Saltanatının ilk yıllarında, İspanya'nın dış politikaları ve artan hegemonik gücü Fransa'ya büyük tehdit oluşturuyordu. İddialı ve kararlı olan Louis XIV, 1667'de İspanya Hollanda'ya karşı Devrim Savaşı'nı başlattı. Bu savaş tek bir yıl sürdü, ancak Fransızlar teslim olup toprakları İspanya'ya geri verdiğinde sona erdi. Daha sonra, Flanders bölgesinde iyi bir arazi toprağı edinerek 1672'den 1678'e kadar Fransız-Hollanda Savaşını başlattı. Bu agresif dış tedbirler İspanya, İngiltere ve Kutsal Roma İmparatorluğunu Fransa'ya karşı bir Büyük İttifak kurmaya yöneltti. Dokuz Yıllık Savaş'taki bu Büyük İttifakla (Augsburg Birliği Savaşı olarak da bilinir) mücadele etmek, Fransa'nın mali kaynaklarını ve insan gücü kaynaklarını büyük ölçüde düşürdü ve toprak sınırlarının hem toprak kazanıp hem de kaybettiğinde yeniden şekillendiğini gördü.

Ölüm ve Miras

77. doğum gününden dört gün önce Louis, 1715'te 1 Eylül'de Versailles'de kangrenden öldü. Vücudu, Paris'in dışındaki Saint-Denis Bazilikası'nda dinlenmeye koyuldu. 72 yıllık saltanatı boyunca Fransa'nın topraklarını genişleten ve daha savunmasız sınırlar yaratan birçok askeri ve diplomatik başarı elde etti. Ülkenin büyüklüğü ve şeklindeki bu dönüşümler, Fransa'yı büyük ölçüde işgalden Fransız Devrimi zamanına kadar korudu. Kültürde ve sanatta geliştirdiği gelişmeler derin etkilere sahipti ve bugün birçok insan, bugün görülen Fransız kültürünün bu çabalardan ne geldiğine tanıklık ediyor.
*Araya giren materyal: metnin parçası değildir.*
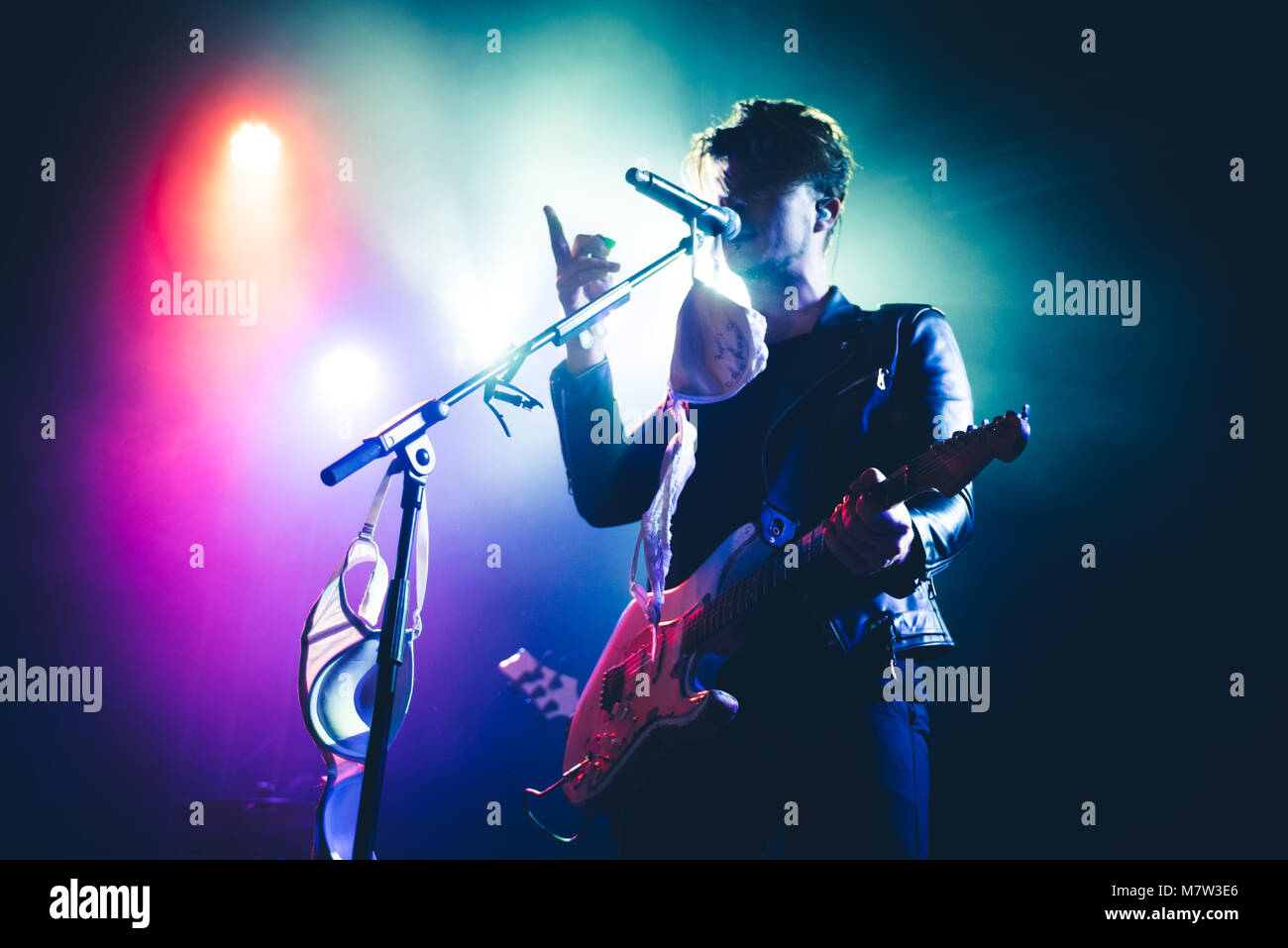 Turin, Italy, 2018 march 12th: The Italian pop band The Colors performing live on stage at the Hiroshima Mon Amour club for their 'Frida Tour' 2018 last concert Photo: Alessandro Bosio/Alamy Live News Stock Photo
Ancak, muazzam dış ve askeri harcamalarının yanı sıra eşit derecede abartılı yurtiçi harcamaları da ülkeyi yoksullaştırdı ve ölümünü izleyen on yıllardaki direk taarruzu doğrudan tetiklediği görülüyor. Fransız halkının çoğunun zalim baskı olarak yaşadığı mutlak bir monarşi için yaptığı baskı, yüzyılın sonunda ortaya çıkacak olan Fransız Devrimi için büyük bir tetikleyici oldu.